Banda Neira. Siapa sih yang gak tahu band indie beraliran folks yang satu ini. Kalau kamu serius beneran gak tahu, berarti ada yang salah dengan selera musikmu.

Oke, maaf saya mengawali postingan ini dengan cukup provokatif. Harap maklum jika saya emosional, soalnya Band yang akan saya review kali ini sudah bubar. Iya, kayak hubungan kita.

*skiiiiip*

Sekilas info aja buat lu yang masih belum tahu Banda Neira. Banda Neira adalah sebuah proyek musik iseng yang digarap dengan serius. Band ini hanya digawangi oleh dua orang: Ananda Badudu & Rara Sekar. Dianggap proyek main-main, karena band ini awalnya hanya sebagai kegiatan selingan disela-sela kesibukan Ananda Badudu yang merupakan wartawan Tempo dan Rara Sekar yang aktif di LSM.

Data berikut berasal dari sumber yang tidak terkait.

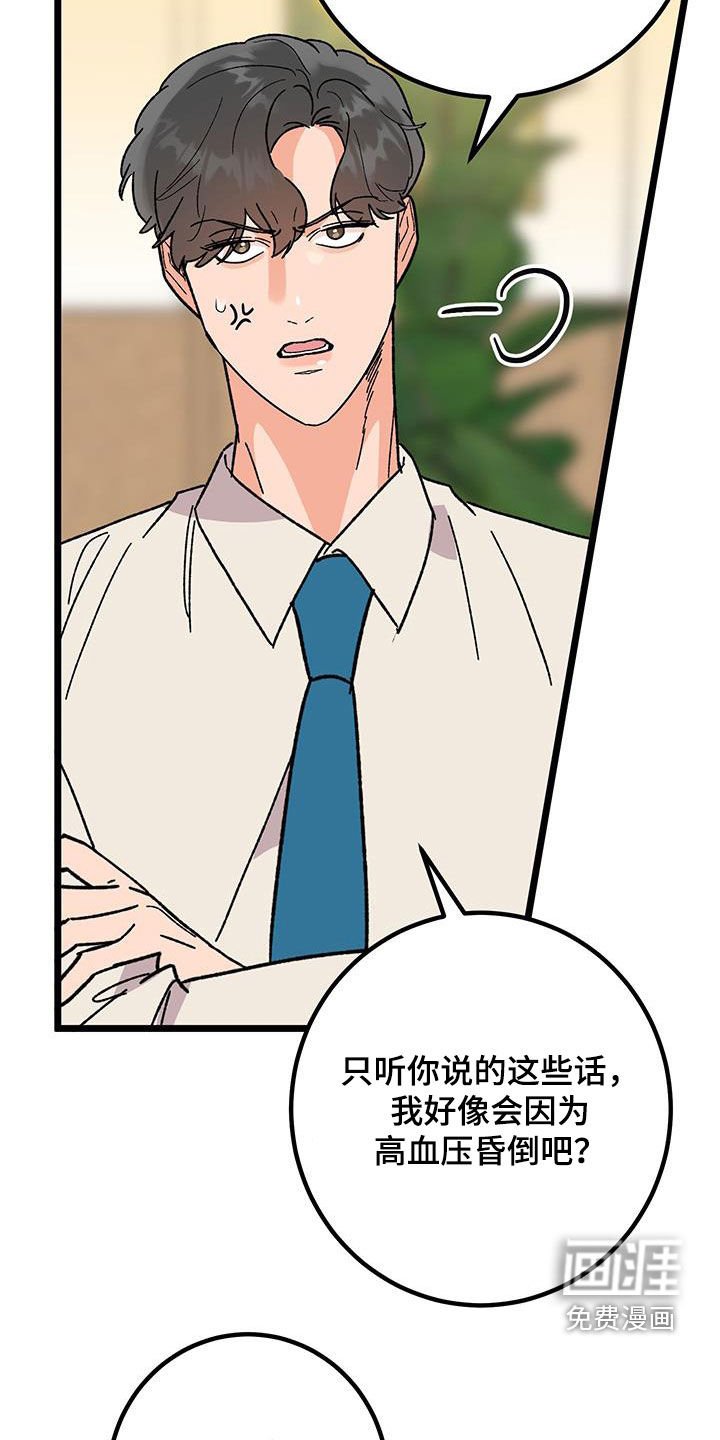 第84章：【番外】教学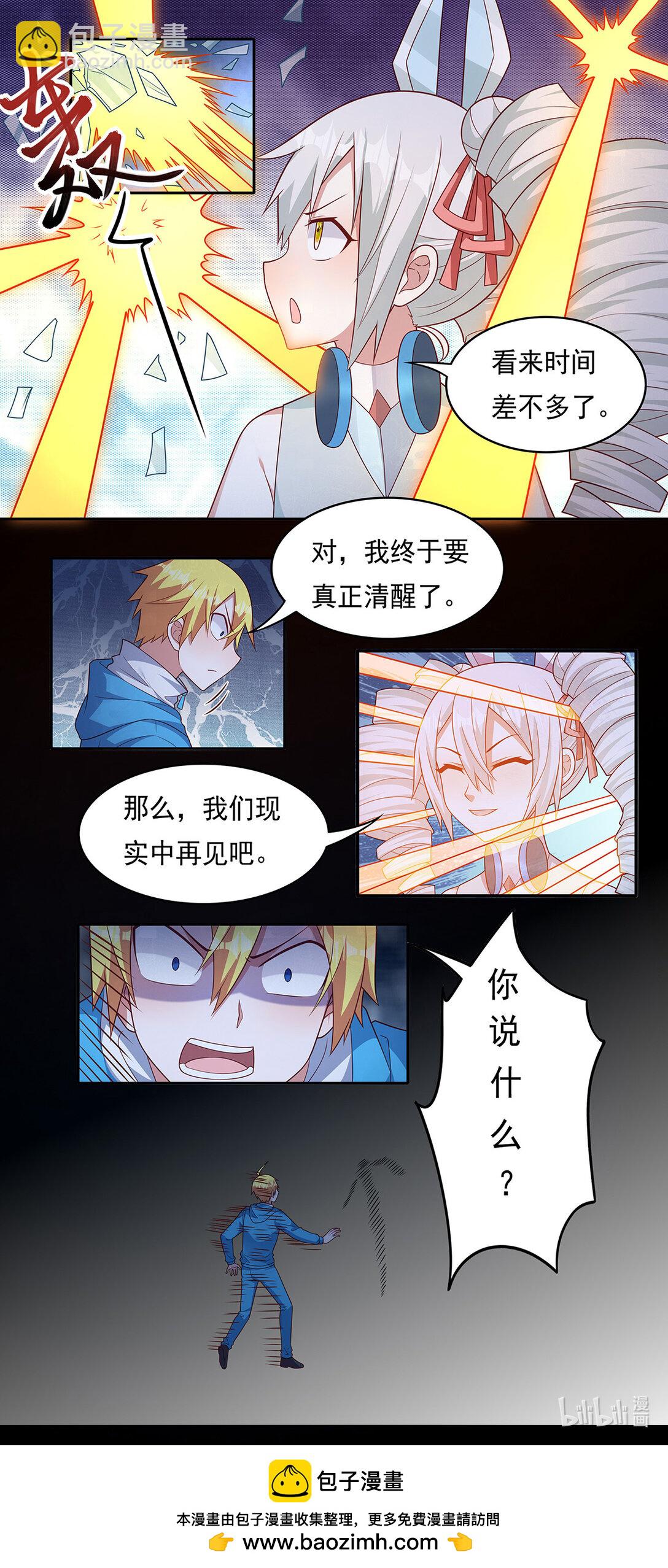 743 可怕的人机恋-第694话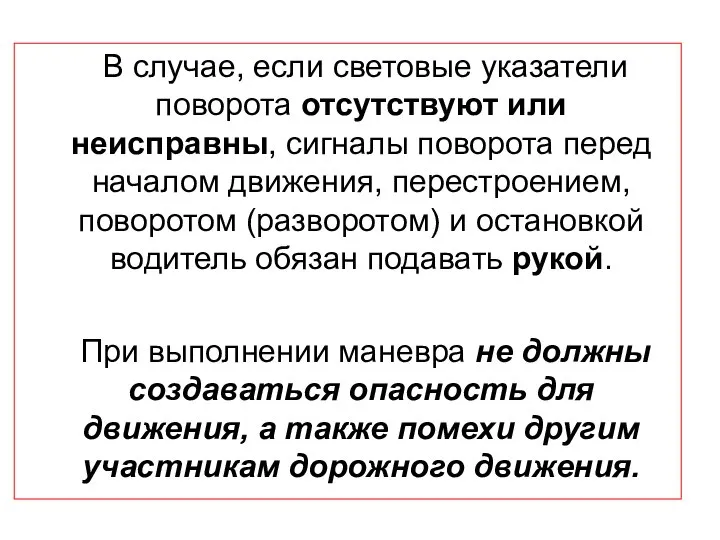 В случае, если световые указатели поворота отсутствуют или неисправны, сигналы поворота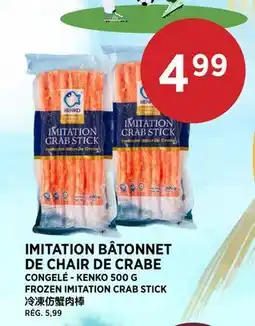 Kim Phat KENKO FROZEN IMITATION CRAB STICK offer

Menarik ketika Banda Neira sebagai sebuah proyek iseng ternyata memiliki lagu-lagu dengan lirik berkualitas. Iseng tapi hasilnya berkuaitas. Iya, gak kayak kita ya... udah serius tapi hasilnya nihil.

*delete scene*

Selama Banda Neira eksis, banyak lagu-lagu yang sudah mereka ciptakan. Puisi-puisi legendaris yang mereka lagukan juga semakin menempatkan Banda Neira ke dalam jajaran Band yang tidak pernah main-main untuk urusan lirik.

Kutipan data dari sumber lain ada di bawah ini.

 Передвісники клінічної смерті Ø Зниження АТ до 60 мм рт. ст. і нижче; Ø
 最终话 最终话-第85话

Menurut saya, yang menarik dari Banda Neira adalah lagu-lagunya tidak melulu ‘menjelmakan’ diri sebagai ‘remaja’ yang dimabuk cinta. Tapi kadang juga ‘menjelma’ menjadi seorang ‘sahabat’, kadang juga menjadi ‘orang tua’ yang merindukan anaknya. Bahkan juga ‘menjelma’ sebagai sepasang kekasih yang menua bersama – sampai jadi debu. Singkat kata, lagu-lagu Banda Neira seperti gambaran fase hidup manusia, yang secara tidak langsung membuat Band ini memiliki pangsa pasaran yang luas. Hahaha.

###

Berikut ini adalah lagu-lagu Banda Neira yang paling sering saya dengarkan:

#Hujan di Mimpi

Lagu yang satu ini agak telat masuk di playlist saya dibanding dengan lagu-lagu Banda Neira yang lain. Sentuhan musiknya khas Banda Neira banget. Permainan petikan gitar dan dua vokal Ananda Badudu dan Rara Sekar yang saling mengisi semakin membuat lagu ini begitu menghanyutkan. Terutama untuk mereka yang mulai jatuh cinta.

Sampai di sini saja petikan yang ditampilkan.